Collection of various files for reading/parsing raw data files, as well as experiments on the datasets.
Several python packages are required in order to use the software. These are all listed in the requirements.txt
file, so in principle it should be as easy as doing
pip install -r requirements.txt
in order to get all the required packages, however there are some external dependencies you must install.
You should use OpenBLAS. This is how to download and install it in a virtual environment:
git clone git://github.com/xianyi/OpenBLAS
cd OpenBLAS && make FC=gfortran
make PREFIX=$VIRTUAL_ENV install
Make sure to export LD_LIBRARY_PATH=$VIRTUL_ENV/lib
somewhere that makes sense (e.g. in $VIRTUAL_ENV/bin/postactivate). Then you can get numpy and make it use OpenBLAS the following way:
git clone https://github.com/numpy/numpy
cd numpy
cp site.cfg.example site.cfg
emacs site.cfg
Uncomment these lines:
[openblas]
libraries = openblas
library_dirs = /path/to/virtualenv/lib
include_dirs = /path/to/virtualenv/include
runtime_library_dirs = /path/to/virtualenv/lib
Note: just writing $VIRTUAL_ENV does not work here, you must specify the entire path. You need cython in order to do the configuration, so do a pip install cython
. Then do python setup.py config
. Make sure that everything seems OK with the OpenBLAS install, e.g. something like:
FOUND:
libraries = ['openblas', 'openblas']
library_dirs = ['/home/tidemann/.virtualenvs/summer9/lib']
language = c
define_macros = [('HAVE_CBLAS', None)]
runtime_library_dirs = ['/home/tidemann/.virtualenvs/summer9/lib']
Continue with:
python setup.py build
python setup.py install
In the repository there is a file that tests the BLAS installation. This is what I see:
> OMP_NUM_THREADS=16 python blas_test.py
version: 1.10.0.dev0+808e4c2
maxint: 9223372036854775807
/home/tidemann/.virtualenvs/summer9/local/lib/python2.7/site-packages/numpy/distutils/system_info.py:635: UserWarning: Specified path is invalid.
warnings.warn('Specified path %s is invalid.' % d)
BLAS info:
* libraries ['openblas', 'openblas']
* library_dirs ['/home/tidemann/.virtualenvs/summer9/lib']
* define_macros [('HAVE_CBLAS', None)]
* language c
* runtime_library_dirs ['/home/tidemann/.virtualenvs/summer9/lib']
dot: 0.037911 sec
Without OpenBLAS, each of these would take roughly 1.21 seconds on my machine, so a speedup of about 30x. Still don't know why I get that "path invalid" warning.

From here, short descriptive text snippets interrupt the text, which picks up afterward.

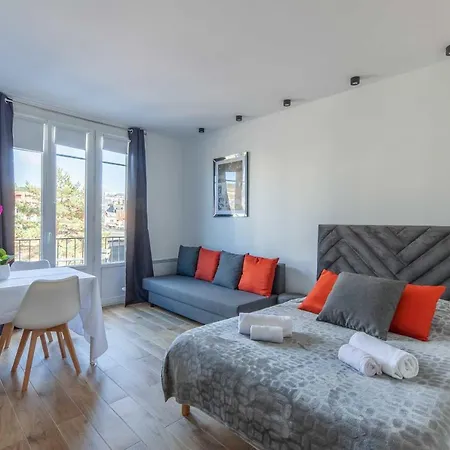 Sleeps 4 With Terrace, 500m Place Morny Apartment *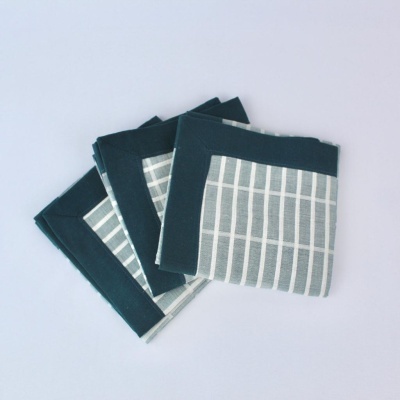 Conjunto de quatro panos de cozinha em tecido com riscas cinzentas e brancas e bordas pretas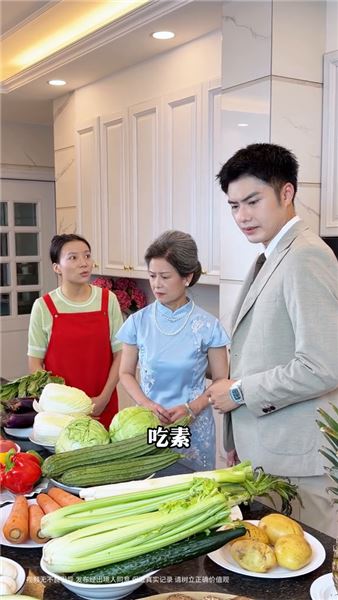 杭州好友遠道赴約，米姐一人操辦仿真全素家宴，心意才是宴席的靈魂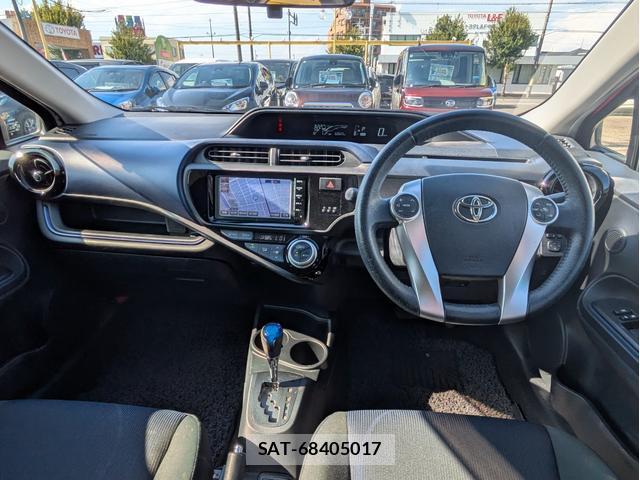 Toyota AQUA 2015-08 8652433-2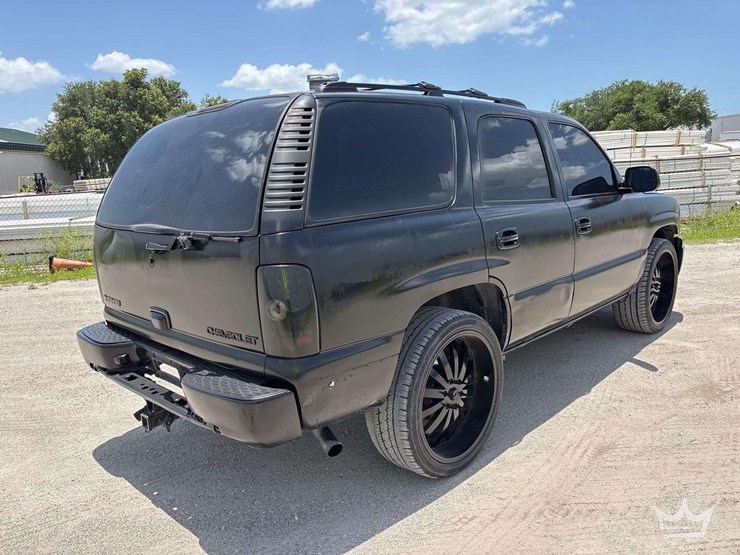 2003-gmc-yukon-denali-image-3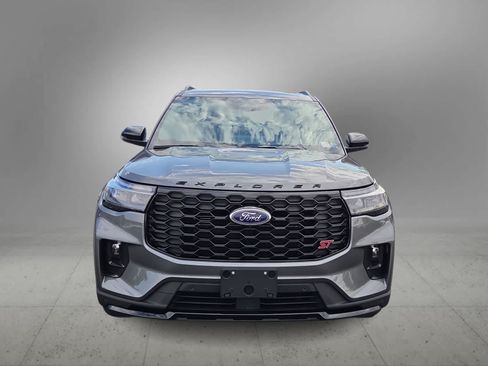 Used 2025 Ford Explorer ST w/ Sun And Sound Package AWD/4WD image 3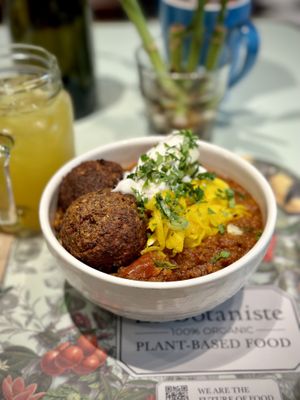 Spicy Chili Sin Carne  at Le Botaniste - Bryant Park in New York City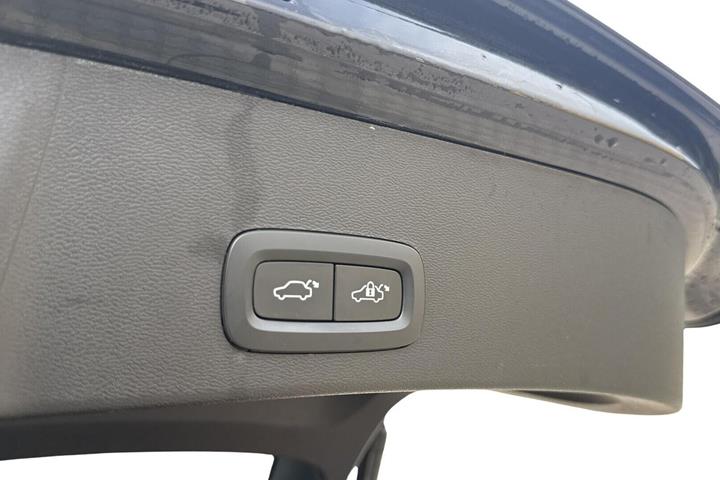 Sort Volvo XC40 fra 2023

If you're installing on a headless Ubuntu machine using virtualenvwrapper (which you should), save yourself eons of compiling and dependency misery by not trying to install matplotlib via pip. Instead, you should create the virtualenv with the system site packages, download matplotlib using git and install it by hand. This way, all the required windowing just works over SSH. This would be something like the following:
mkvirtualenv summer9 --system-site-packages
workon summer9 # For some reason it is not activated directly after system packages are included
git clone git://github.com/matplotlib/matplotlib.git
cd matplotlib
python setup.py install
If it is any help, my matplotlib version is 1.5.dev1. You should edit the requirements.txt
file accordingly, of course. An advantage with using --system-site-packages is that you can harness some of the goodies already compiled (e.g. on Ubuntu this helps a lot, see below), and if you subsequently install any local packages, they will override them. In theory. In practice, what I found was a need to edit my $VIRTUAL_ENV/lib/python2.7/site-packages/easy-install.pth
, since python looks in all *.pth files before loading packages. (I know. Pretty crazy.) Mine had the following:
import sys; sys.__plen = len(sys.path)
./matplotlib-1.5.dev1-py2.7-linux-x86_64.egg
/usr/lib/python2.7/dist-packages
import sys; new=sys.path[sys.__plen:]; del sys.path[sys.__plen:]; p=getattr(sys,'__egginsert',0); sys.path[p:p]=new; sys.__egginsert = p+len(new)
which would load system-wide packages before the local ones. This led to some "mild frustration". I amended this by simply adding the local folder position as the second line, e.g.:
import sys; sys.__plen = len(sys.path)
./
./matplotlib-1.5.dev1-py2.7-linux-x86_64.egg
/usr/lib/python2.7/dist-packages
import sys; new=sys.path[sys.__plen:]; del sys.path[sys.__plen:]; p=getattr(sys,'__egginsert',0); sys.path[p:p]=new; sys.__egginsert = p+len(new)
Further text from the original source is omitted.